You might think apples to oranges pregnancy is pregnancy and is short lived, and I can absolutely acknowledge the differences between pregnancy and obesity such as pregnancy being a condition and not a disease but I've drawn a lot of parallels here and I'm really hoping that you can see that this isn't about defending a medication or claiming it to be the one true fix to all of life's problems, but this medication is the right choice for a lot of people and simply stating that people just need to make better choices is incorrect. People do need to make better choices and changes, but this medication helps in ways beyond simply making better choices.
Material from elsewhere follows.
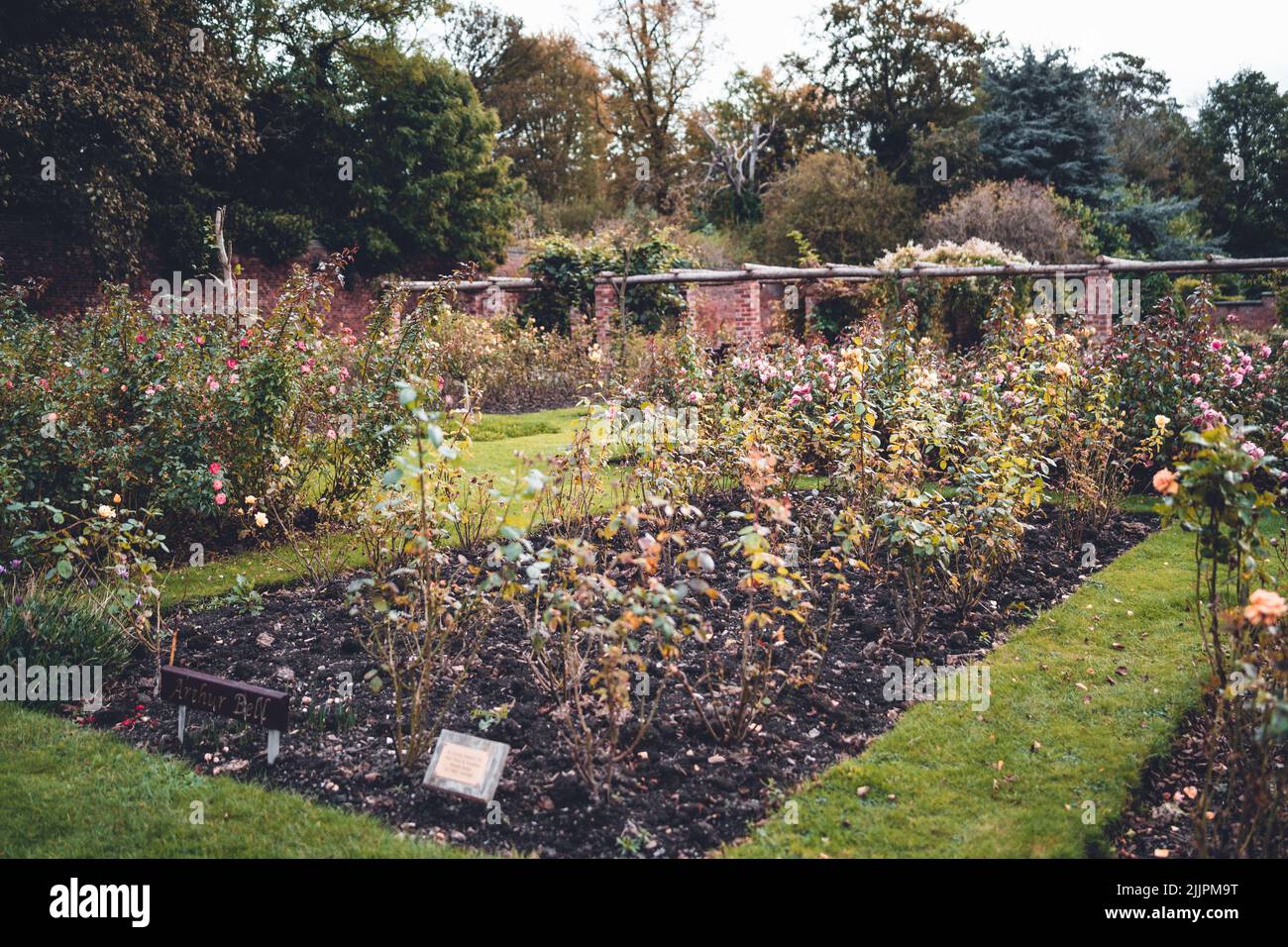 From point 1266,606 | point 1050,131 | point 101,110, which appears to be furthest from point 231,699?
point 1050,131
It works on a biological level, and also provides the space for personal rehabilitation. There's also evidence to state that if weightloss on this medication is maintained, after a prolonged duration it has positive permanent changes to the way the metabolism functions which makes maintaining weightloss or minimising weight regain much more likely than someone taking only a short term course, although someone who is only on this medication short term may have less of a metabolic issue as they likely don't have as much to lose as someone who is on this medication long term.
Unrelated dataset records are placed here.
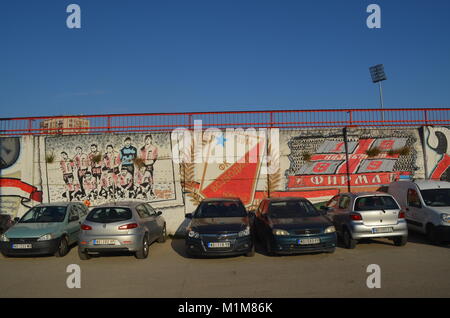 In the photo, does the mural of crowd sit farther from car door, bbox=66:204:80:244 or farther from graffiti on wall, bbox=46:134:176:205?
car door, bbox=66:204:80:244

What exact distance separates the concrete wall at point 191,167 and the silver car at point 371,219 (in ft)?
14.8

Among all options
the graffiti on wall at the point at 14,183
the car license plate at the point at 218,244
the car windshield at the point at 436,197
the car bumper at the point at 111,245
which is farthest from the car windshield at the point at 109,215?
the car windshield at the point at 436,197

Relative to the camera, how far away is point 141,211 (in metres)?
10.4

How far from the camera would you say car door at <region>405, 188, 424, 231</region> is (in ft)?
35.6

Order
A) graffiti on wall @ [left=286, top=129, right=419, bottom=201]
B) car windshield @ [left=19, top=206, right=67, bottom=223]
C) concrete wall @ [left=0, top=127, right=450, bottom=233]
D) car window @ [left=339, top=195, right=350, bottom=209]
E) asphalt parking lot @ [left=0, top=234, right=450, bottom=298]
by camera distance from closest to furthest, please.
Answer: asphalt parking lot @ [left=0, top=234, right=450, bottom=298] < car window @ [left=339, top=195, right=350, bottom=209] < car windshield @ [left=19, top=206, right=67, bottom=223] < concrete wall @ [left=0, top=127, right=450, bottom=233] < graffiti on wall @ [left=286, top=129, right=419, bottom=201]

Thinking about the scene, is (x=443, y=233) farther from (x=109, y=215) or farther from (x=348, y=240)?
(x=109, y=215)

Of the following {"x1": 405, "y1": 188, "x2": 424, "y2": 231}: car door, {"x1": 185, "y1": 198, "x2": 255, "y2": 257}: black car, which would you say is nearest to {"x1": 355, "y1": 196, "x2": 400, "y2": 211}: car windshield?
{"x1": 405, "y1": 188, "x2": 424, "y2": 231}: car door

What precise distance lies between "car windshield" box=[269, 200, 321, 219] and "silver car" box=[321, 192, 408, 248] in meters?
0.61

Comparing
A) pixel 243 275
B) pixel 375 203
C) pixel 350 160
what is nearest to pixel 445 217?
pixel 375 203

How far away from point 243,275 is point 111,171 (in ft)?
29.7

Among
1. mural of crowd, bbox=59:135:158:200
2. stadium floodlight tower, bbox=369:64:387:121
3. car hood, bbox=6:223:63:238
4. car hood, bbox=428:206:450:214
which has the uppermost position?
stadium floodlight tower, bbox=369:64:387:121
Taking this medication isn't going to reduce your cortisol levels from that stressful job you're working overtime at to make ends meet which in turn disrupts your ghrelin and leptin production, and it's not suddenly going to make your nocturnal child sleep so you can sleep more, which also disrupts your ghrelin and leptin production, and it's not going to stop your lazy husbands doing the bare minimum and spending every Saturday and Sunday and 3 evenings a week golfing or biking or whatever because he needs to de-stress from his Big Man Job or whatever and you've got 3 kids with different dietary needs and you just can't bare the thought of cooking 3 or possibly more different meals so you just grab whatever from the fridge and eat it cold and then all the cleaning up and then when your husband gets back you can't face the idea of an hour on the treadmill knowing tiny Tim is going to be up at 1 3 5 and 7am. It's not going to change any of that. Environmental factors will always play a huge part in someone's success with weightloss, but surely you can also see that in each of these scenarios that I've just mentioned its also not a matter of willpower. It's hormone disruption and if you've got the cheat code for overcoming hormone disruption or dysregulation without taking a medication I think you would have solved a lot of problems.